Il doping lo definisco “il peccato dello sport”; un fenomeno di sempre più larga diffusione, in una società contemporanea competitiva ed individualistica, dove l'ossessione per la vittoria ad ogni costo, si insinua nella mente degli atleti, persino in tenera età, come un imperativo.

Dal punto di vista sociale, il doping è un fenomeno devastante. Chi si dopa è un drogato; sviluppando una forma di dipendenza chimica, egli è affetto da un disturbo depressivo o da un disturbo ossessivo compulsivo. L'uso del doping, una volta cessata l'attività agonistica, può anche favorire l'uso delle altre droghe. Credo che non esista un gioco delle parti, quando si parla di droghe. Ognuno ha il dovere di informare e di contribuire al miglioramento degli strumenti volti ad arginare il fenomeno in crescita, soprattutto tra i giovani e tra gli sportivi non professionisti. La posta in palio è alta, considerato che al fenomeno del doping sono interessate le mafie e un mercato illegale capillare e sofisticato a livello globale.

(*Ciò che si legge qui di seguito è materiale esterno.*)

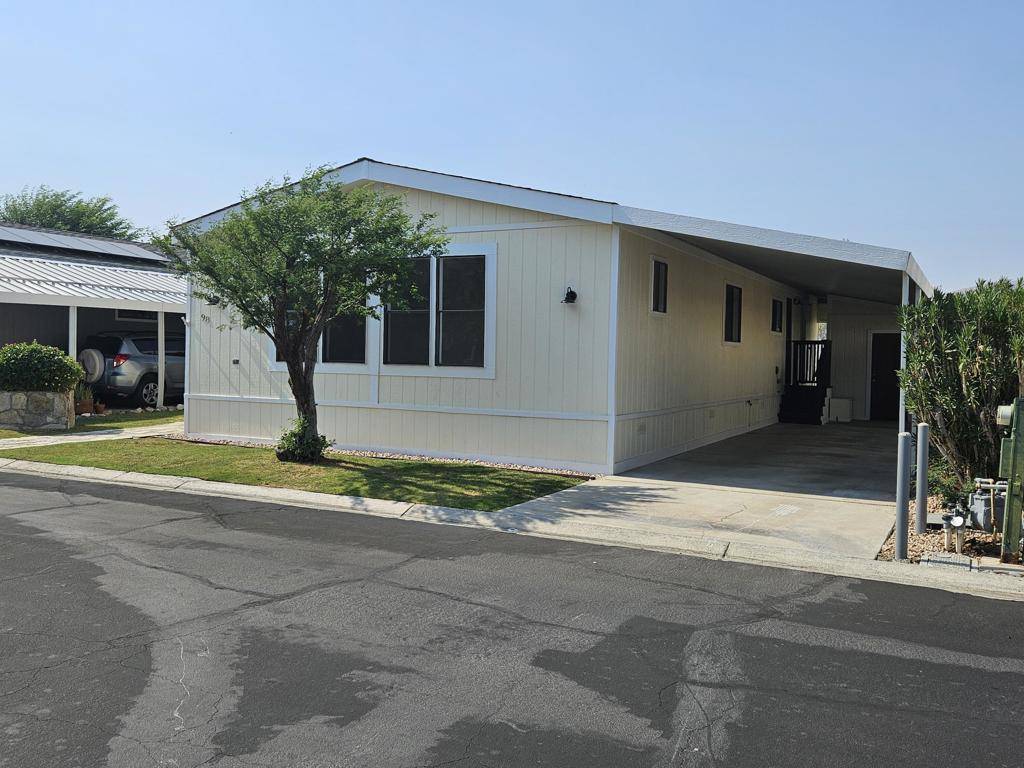 Desert Hot Springs, CA 92240,15300 Palm DR #98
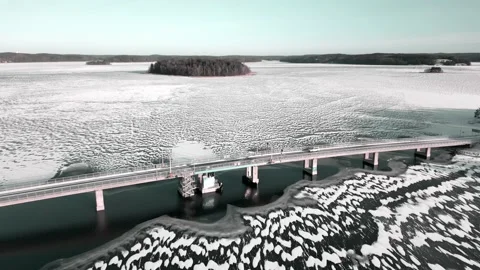 A car drives on a bridge in winter Vidéo 232414097
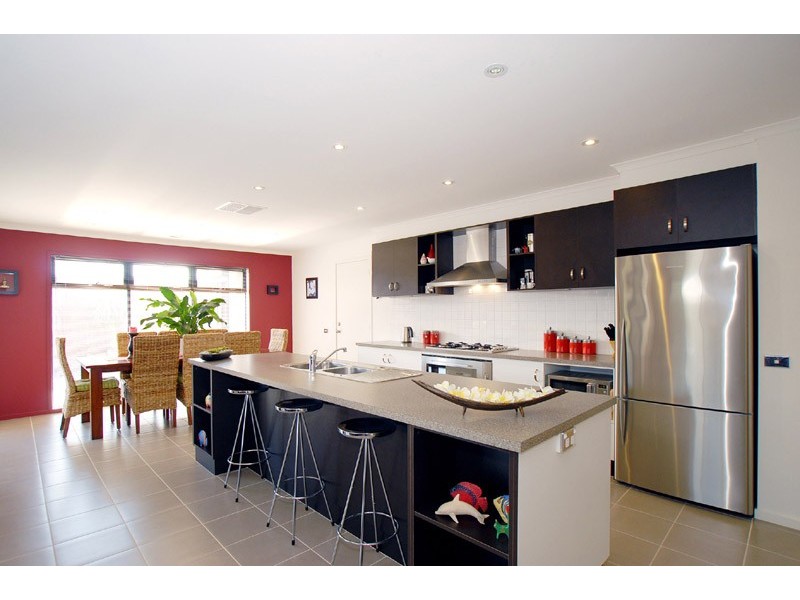 1 Greenfield Court, Cranbourne North VIC 3977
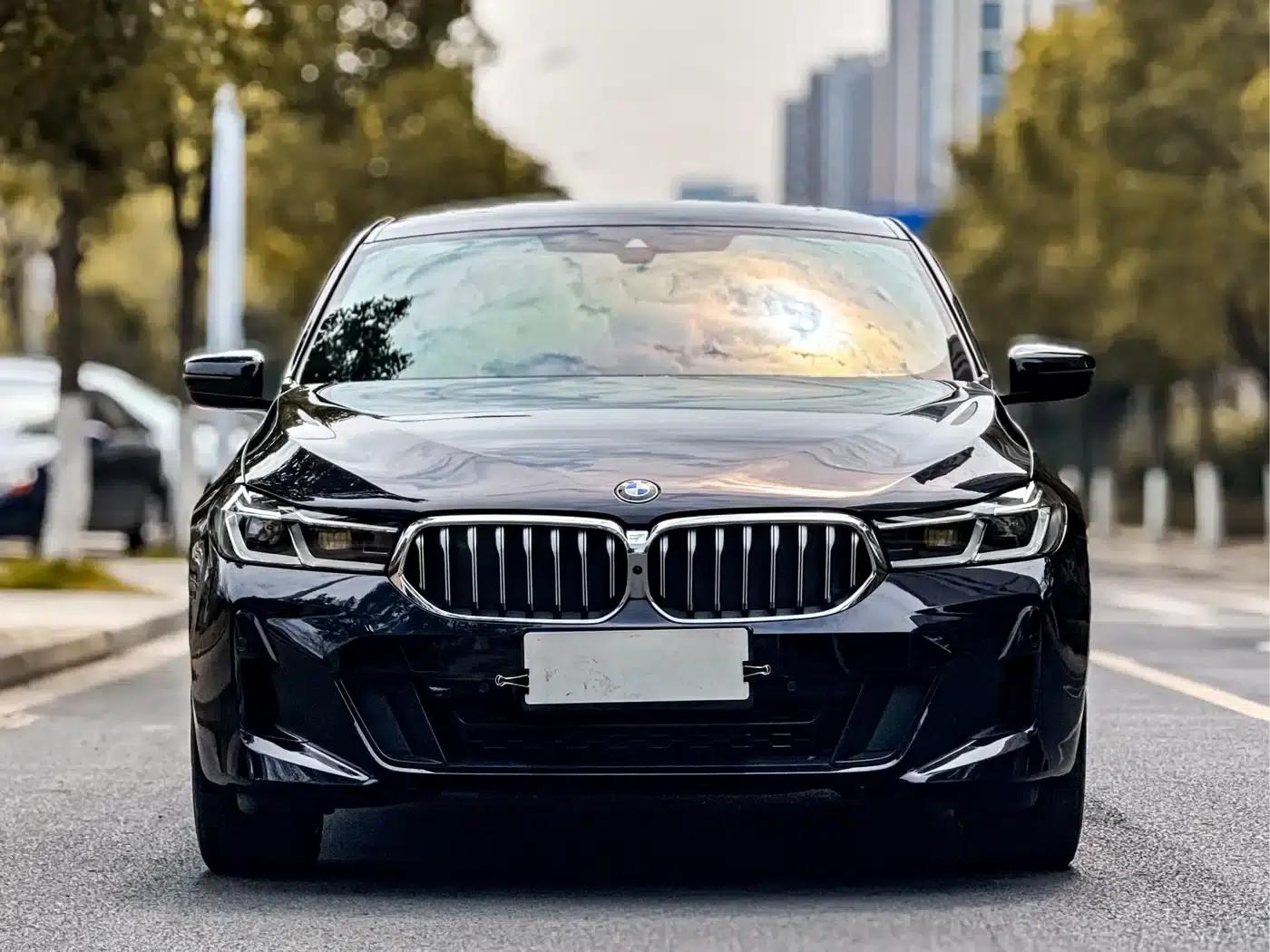 2022 BMW 6 Series GT 630i M Sport Package — миниатюра 2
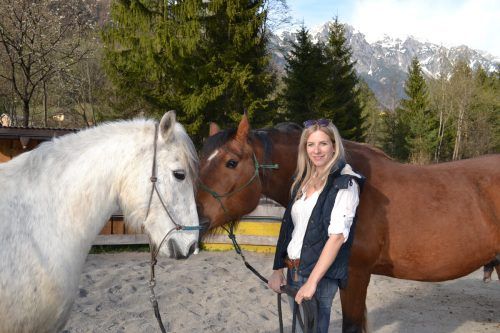 Silvia mit den Pferden Cisco und Finn. Bi (4), Plangg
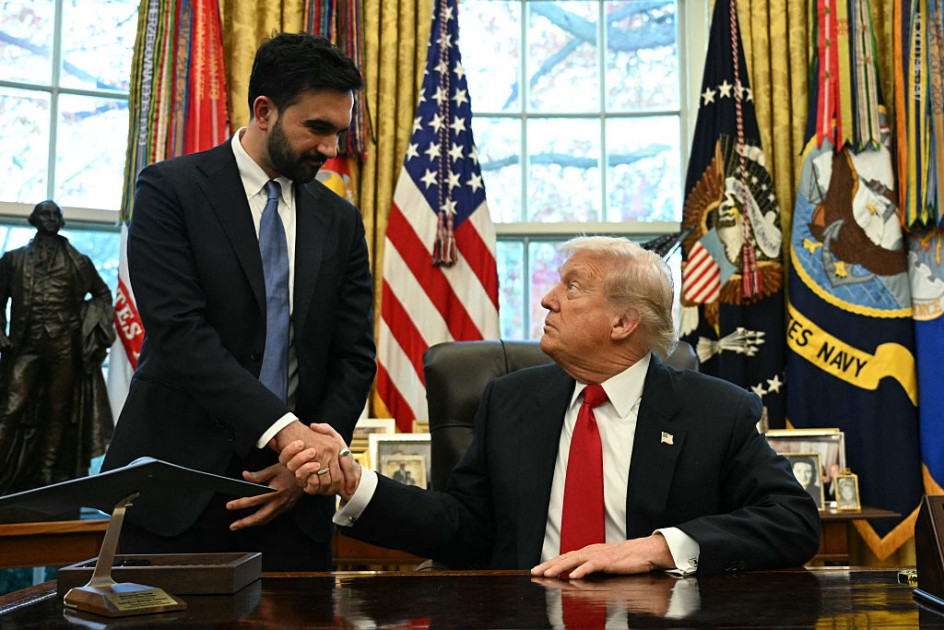 President Trump shakes hands with Zohran Mamdani in the Oval Office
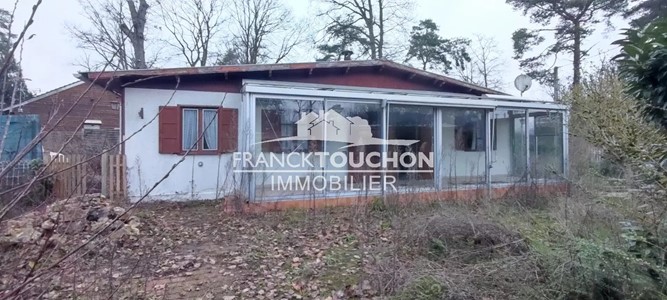 CHALET - NARGIS (LOIRET) - chambres - jardin - garage - piscine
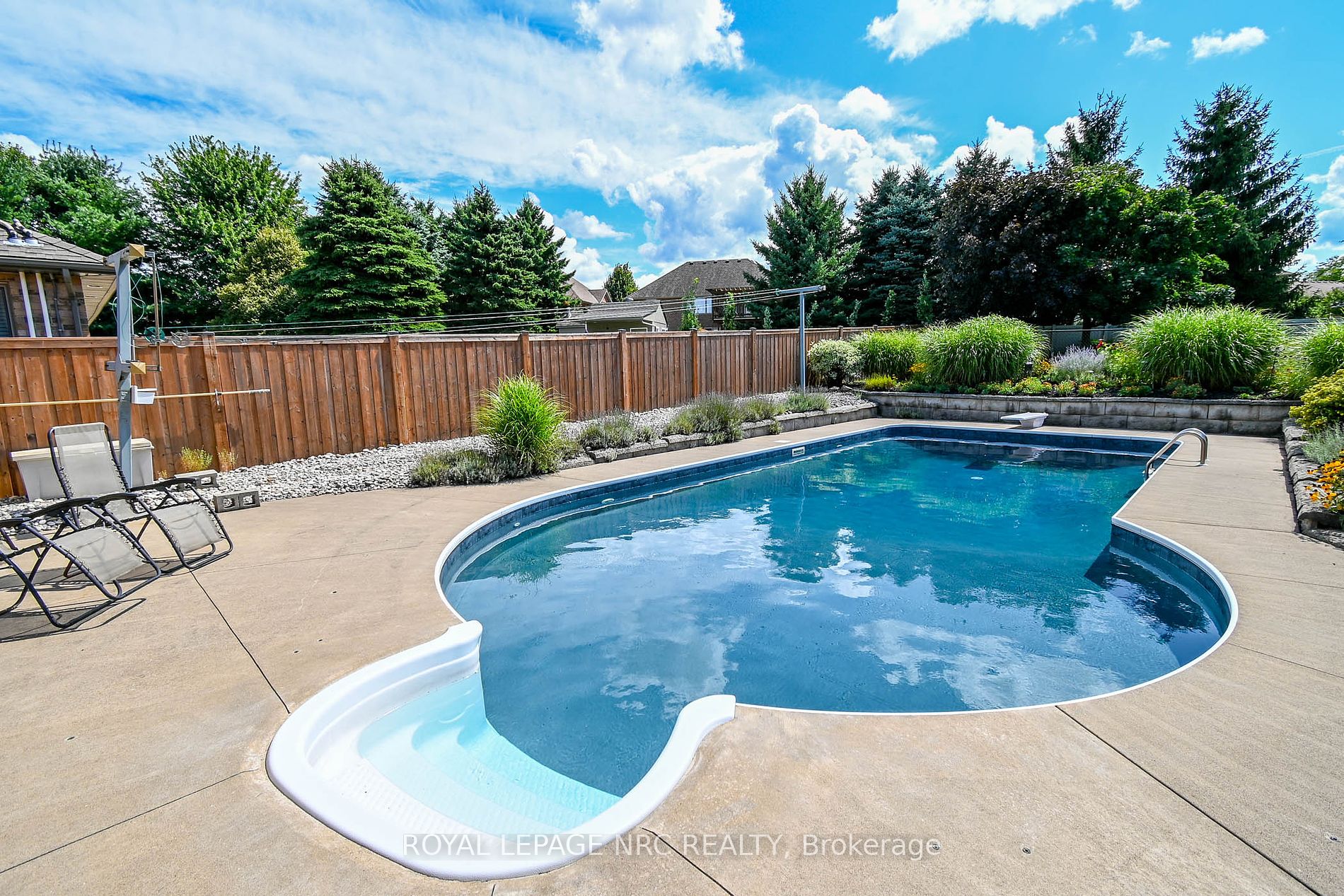 64 Sandra Dr Property Photo 12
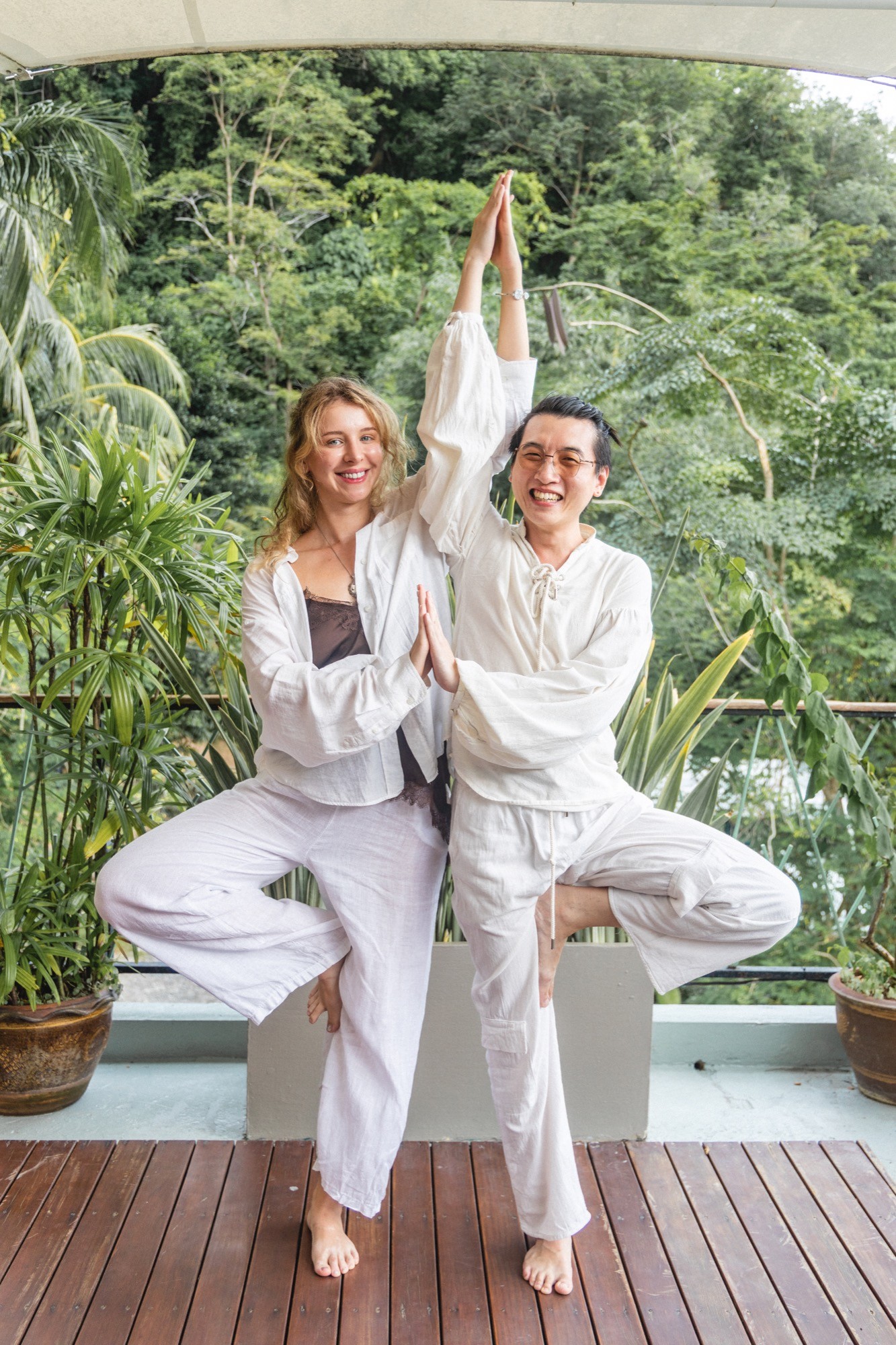 Polina and a fellow trainee posing during teacher training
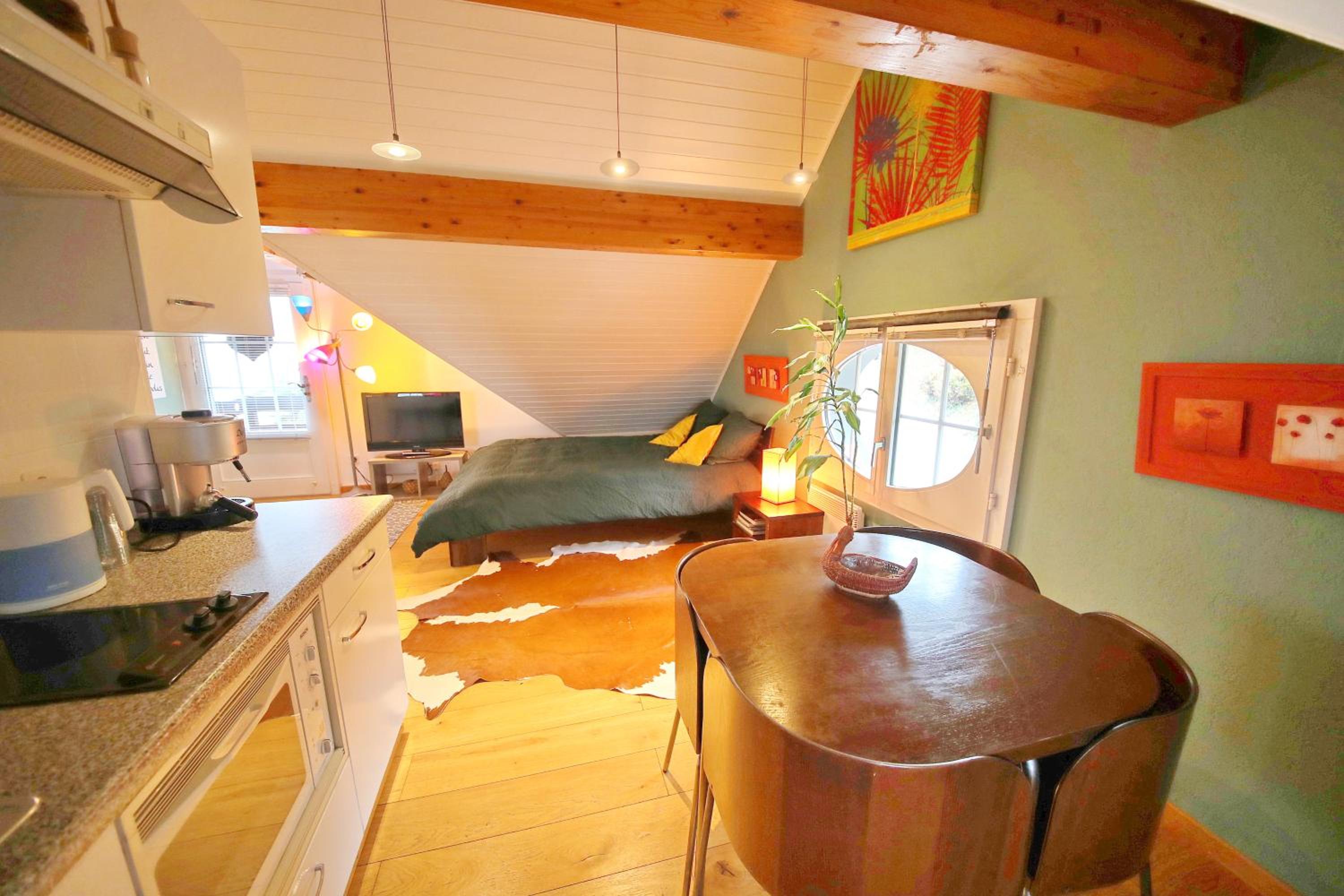 Riviera Beach | Studio with Partial Lake View photo 2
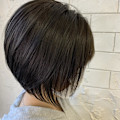 グレーアッシュ　ショートボブ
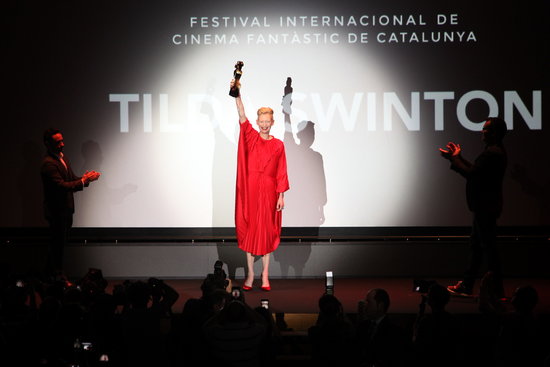 Actress Tilda Swinton with the Grand Honorary Award at the Sitges Film Fest on October 4 2018 (by Pere Francesch)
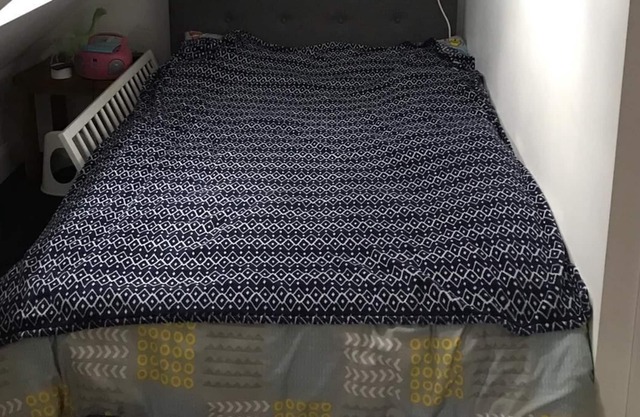 Room to rent in Cheam village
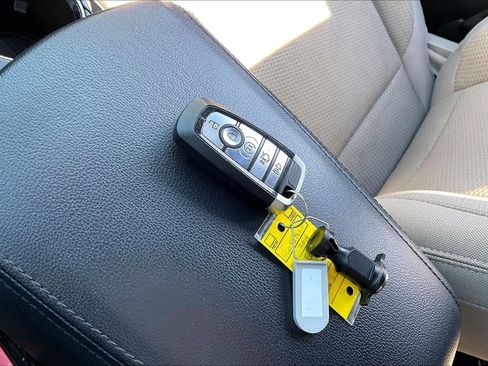 Used 2018 Ford Explorer XLT w/ Equipment Group 201A FWD image 36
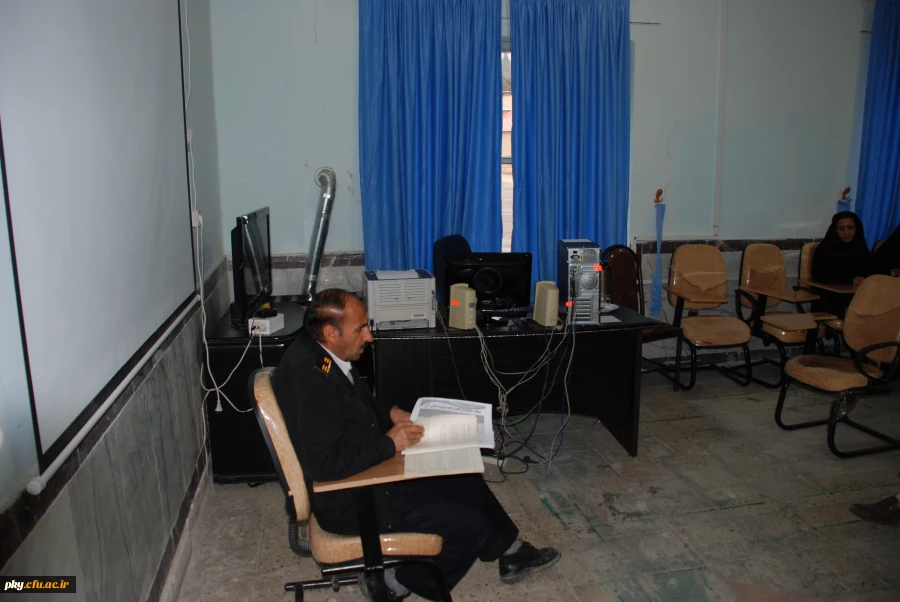 برگزاری کارگاه آشنایی با اطفاء حریق واصول آتش نشانی در پردیس کوثر یاسوج 2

La legge del 14 dicembre del 2000, la n°376, “Disciplina della tutela sanitaria delle attività sportive e della lotta contro il doping” rappresenta la risposta dello Stato contro il doping, a tutela della salute degli atleti e della lealtà delle competizioni sportive.
I beni giuridici (o interessi) tutelati dalla predetta normativa sono la salute ( individuale e collettiva) degli atleti e la lealtà delle competizioni sportive.

Il combinato disposto dagli artt. 1 e 9 della Legge n°376/2000 costituisce il portato normativo che definisce la nozione di doping, le fattispecie delittuose e il sistema sanzionatorio.
Per quanto concerne l'individuazione delle sostanze dopanti, la norma dell'art. 9, fa riferimento, a farmaci e sostanze biologicamente o farmacologicamente attive, ricompresi “nelle classi previste dall'art. 2” della stessa legge e approvate con decreto del Ministro della sanità, su proposta della Commissione per la vigilanza ed il controllo sul doping e per la tutela della salute indicata nel successivo art. 3. Tali classi sono sottoposte a revisione periodica, non superiore ai sei mesi e sono contenute in un decreto ministeriale. Una classificazione soggetta a periodici aggiornamenti resa necessaria per tenere il passo dello sviluppo incessante e frenetico del doping.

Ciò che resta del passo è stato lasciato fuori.